If all actions are already completed, doing usb_set_intfdata(intf,
NULL) is useless because the core does it at [1].

The first seven patches fix all drivers which set their usb_interface
to NULL while outstanding URB might still exists. There is one patch
per driver in order to add the relevant "Fixes:" tag to each of them.

The last patch removes in bulk the remaining benign calls to
usb_set_intfdata(intf, NULL) in etas_es58x and peak_usb.

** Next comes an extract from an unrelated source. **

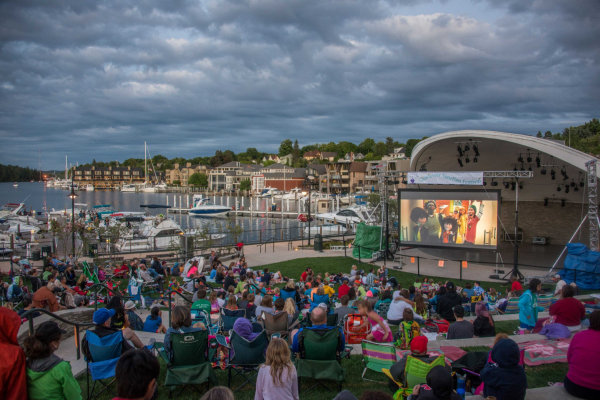 Outdoor movie night at a marina: audience seated on lawn chairs watching a movie on a stage screen beside boats under a cloudy sky.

N.B. some other usb drivers outside of the can tree also have the same
issue, but this is out of scope of this.

[1] function usb_unbind_interface() from drivers/usb/core/driver.c
Link: https://elixir.bootlin.com/linux/v6.0/source/drivers/usb/core/driver.c#L497

Vincent Mailhol (8):
  can: ems_usb: ems_usb_disconnect(): fix NULL pointer dereference
  can: esd_usb: esd_usb_disconnect(): fix NULL pointer dereference
  can: gs_usb: gs_usb_disconnect(): fix NULL pointer dereference
  can: kvaser_usb: kvaser_usb_disconnect(): fix NULL pointer dereference
  can: mcba_usb: mcba_usb_disconnect(): fix NULL pointer dereference
  can: ucan: ucan_disconnect(): fix NULL pointer dereference
  can: usb_8dev: usb_8dev_disconnect(): fix NULL pointer dereference
  can: etas_es58x and peak_usb: remove useless call to
    usb_set_intfdata()

 drivers/net/can/usb/ems_usb.c                    | 2 --
 drivers/net/can/usb/esd_usb.c                    | 2 --
 drivers/net/can/usb/etas_es58x/es58x_core.c      | 1 -
 drivers/net/can/usb/gs_usb.c                     | 2 --
 drivers/net/can/usb/kvaser_usb/kvaser_usb_core.c | 2 --
 drivers/net/can/usb/mcba_usb.c                   | 2 --
 drivers/net/can/usb/peak_usb/pcan_usb_core.c     | 2 --
 drivers/net/can/usb/ucan.c                       | 2 --
 drivers/net/can/usb/usb_8dev.c                   | 2 --
 9 files changed, 17 deletions(-)
  

Comments

Oliver Neukum Dec. 5, 2022, 8:35 a.m. UTC | #1
On 03.12.22 14:31, Vincent Mailhol wrote:
> The core sets the usb_interface to NULL in [1]. Also setting it to
> NULL in usb_driver::disconnects() is at best useless, at worse risky.

Hi,

I am afraid there is a major issue with your series of patches.
The drivers you are removing this from often have a subsequent check
for the data they got from usb_get_intfdata() being NULL.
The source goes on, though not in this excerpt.